Stored items:
Segment Open

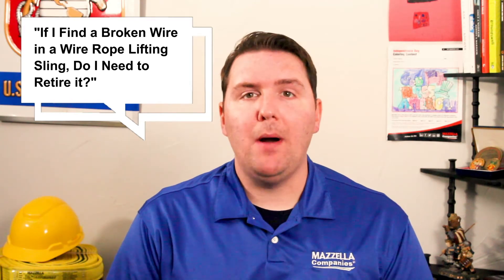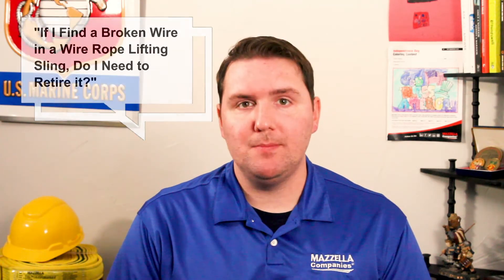In today's episode of Ask the Experts, we're going to answer the following question: if I find a broken wire in a wire rope sling, do I need to retire it? And Bob Gubonich, Mozilla's corporate training manager, has your answer.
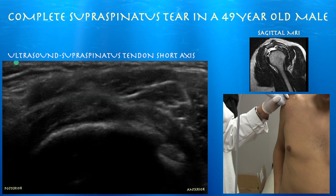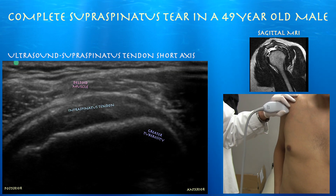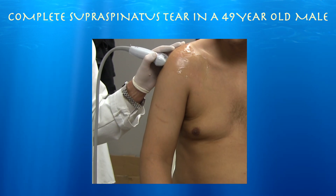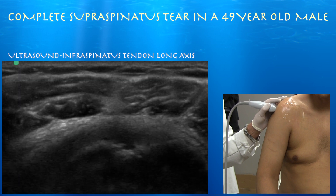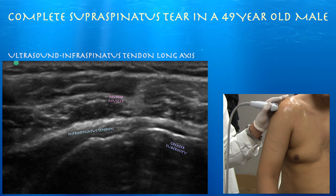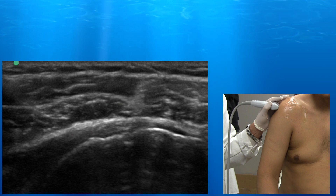We're getting to some of the infraspinatus tendon, and as you go posteriorly you can see the infraspinatus tendon. Here's the infraspinatus muscle and tendon — you can see it inserting on the greater tuberosity. It looks preserved, and here the infraspinatus again is intact. So really just a complete tear of the supraspinatus.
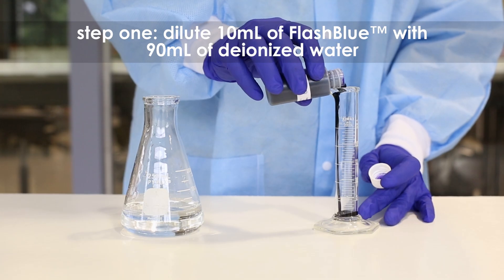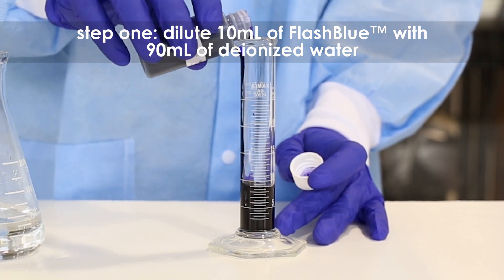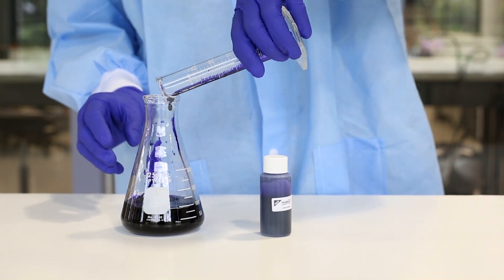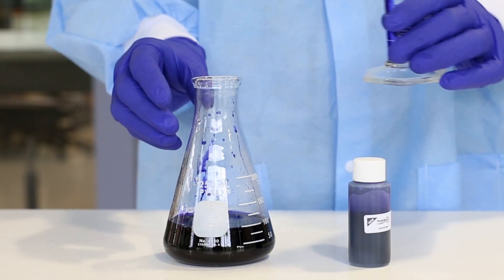Step 1. Dilute the stain by combining 10 ml of the concentrated Flash Blue with 90 ml of distilled or deionized water in a flask. Mix well.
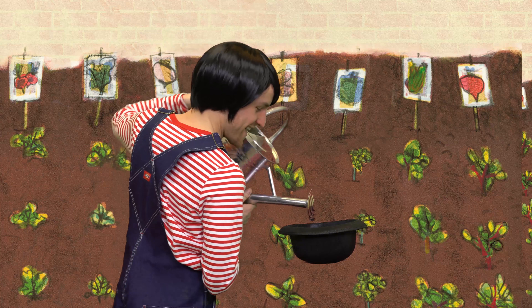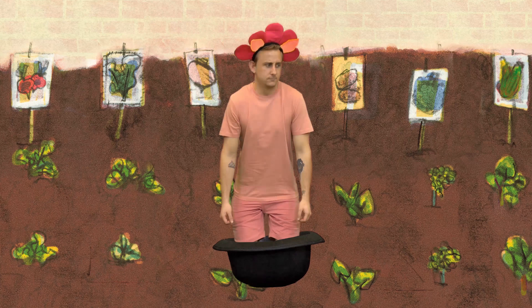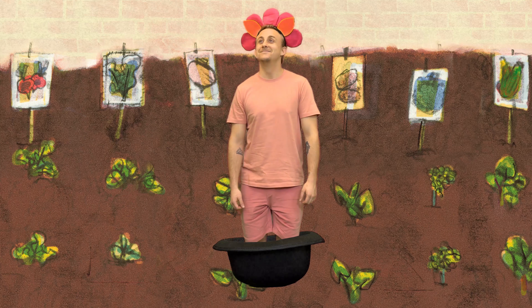Whoa! Did I just grow out of a boot? This planter is sweet! Mind if I pop in? This growing plot is red hot. You can grow anything here. Anything, anywhere, anytime. It's an Anywhere Farm.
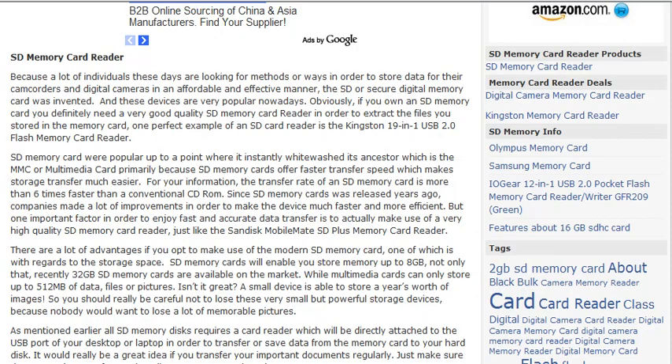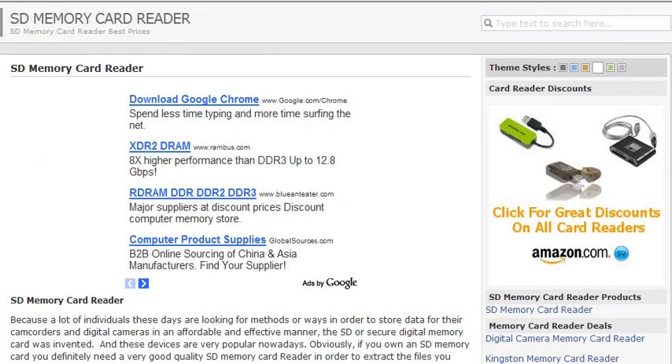Know more about this by visiting www.sdmemorycardreader.org. Thank you.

Segment Closed

Reproduce exactly and only the lines from the one with "Whoa! Did I" through the last entry, both included, excluding every picture.

Whoa! Did I just grow out of a boot? This planter is sweet! Mind if I pop in? This growing plot is red hot. You can grow anything here. Anything, anywhere, anytime. It's an Anywhere Farm.
Know more about this by visiting www.sdmemorycardreader.org. Thank you.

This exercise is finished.